DÜNYA futbol felsefesi değişiyor. Bu yeni felsefe oyuncu tanımını da değiştirdi ve mevki kavramı ortadan kalktı. Hele sabit oyun kalıbında, hiçbir futbolcunun yeri yok. Sistemin dışına çıkıp, yaratıcı role soyunanlara yer var.
Bu yeni tanım ışığında Galatasaray’a baktığımda, "Gezgin futbolcu kalabalığı" gözüme çarptı. Başta Arda, sahanın bütün alanlarını kullandı. Sahadaki görevinin yanında, yeni hedefler bulma çabasındaydı. Arda’ya uyan iki isim daha vardı, Hasan Şaş ve Serkan’dı. Galatasaray, Trabzonspor’u adeta sahasına hapsetti, topu kullanmaları için alan bulmalarının önüne geçti.
G.Saray’ın her zaman mükemmel futbol oynayan savunmasında, Song ile Servet, hücumdaki Umut’un topla buluşmasını engelledi.
Tüm bunlara rağmen oyun beraberliğe kilitlendi. Bu tür durumlarda, liderin ortaya çıkması gerekir. Ben, Lincoln’ü aradım. Doğrusu ara sıra parlamanın dışında onu bulamadım. Defansın önünde oynayan Mehmet Topal, hem top çalmada, hem hücumda gol arayışları içindeydi.
Geleceğin takımı
Feldkamp daha sonra akıllılık edip Volkan ve Sabri’yi oyuna alarak sahayı daha da daralttı. Trabzonspor’un hücum teşebbüsünde az görünen rakibini daha da kilitledi.
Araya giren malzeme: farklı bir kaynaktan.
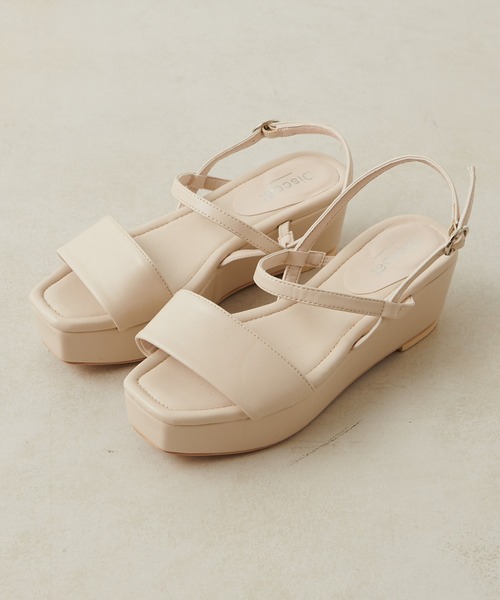 DISCOAT（ディスコート）の「PU巻きウェッジサンダル（サンダル・レディース・アイボリー/チャコールグレー/サックスブルー・MEDIUM/LARGE）」の2枚目の写真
Bir ara gol arayan Trabzonspor, beklenmedik bir anda golü kalesinde görünce oyundan düştü.
Galatasaray, genç ve dinamik ekip kurdu. Böyle de yola devam etmeli. Bir maç kaybetse bile geleceğin takımını yerleştirmiş olur.
Galatasaray’da, fizik gücü düşüş gösteriyor diyenler, bu takımı yakından takip etmeyenlerdi. Futbol bu, yazanı da, izleyeni de bu oyunun içinde olmalı, sanal aleme yer yok bu dünyada.
Serkan Çalık için sözlerimi son satıra sakladım. Serkan tıpkı o şarkıdaki gibi, "Ufacık tefecik ama onda bir başkalık var" 90 dakika boyunca her yere daldı, çıktı, saldırdı. Tıpkı bir "Otoban faresi" gibiydi. Ve ödülünü de attığı golle aldı. Aferin sana Serkan.